[DATA PROVIDED]

········

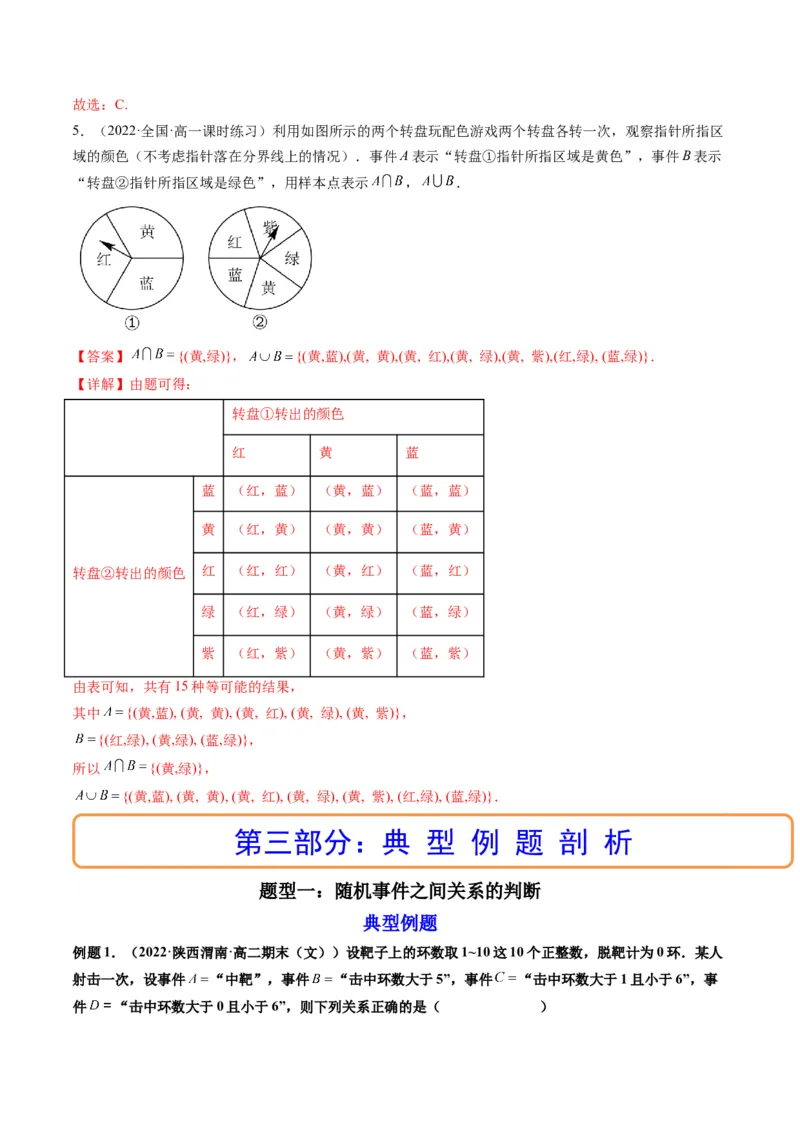 第04讲随机事件、频率与概率(精讲）（教师版）_2.2025数学总复习_2023年新高考资料_一轮复习_2023新高考数学一轮复习（新教材新高考）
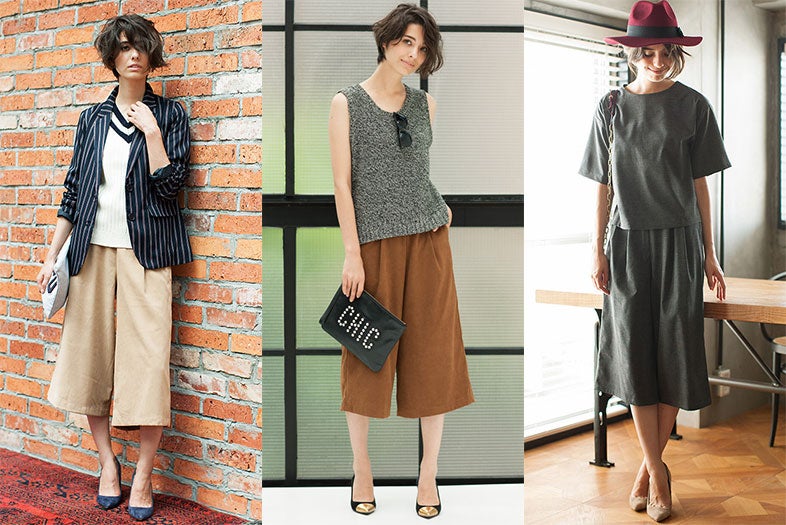 秋映え「ガウチョパンツ」の選び方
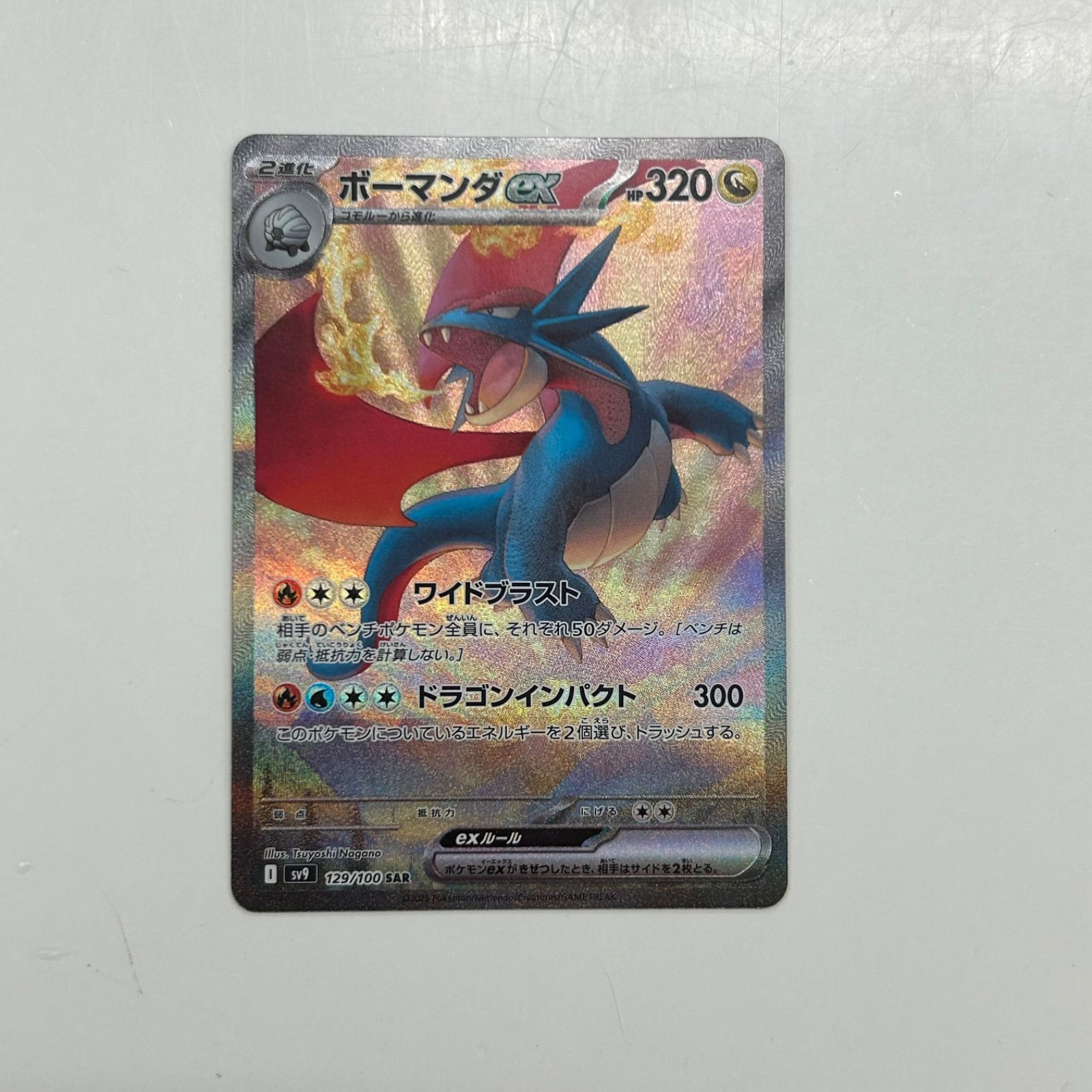 盛岡】ボーマンダex SAR sv9 129/100 - メルカリ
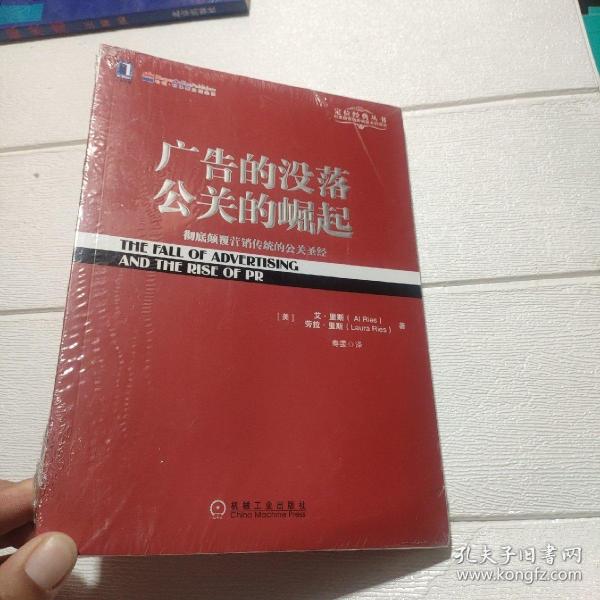 广告的没落 公关的崛起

········

[YOUR OBJECTIVE]
Pictures aside, print every line of the material exactly.

[SOLUTION FOR THIS TASK]
 第04讲随机事件、频率与概率(精讲）（教师版）_2.2025数学总复习_2023年新高考资料_一轮复习_2023新高考数学一轮复习（新教材新高考）
 秋映え「ガウチョパンツ」の選び方
 盛岡】ボーマンダex SAR sv9 129/100 - メルカリ
 广告的没落 公关的崛起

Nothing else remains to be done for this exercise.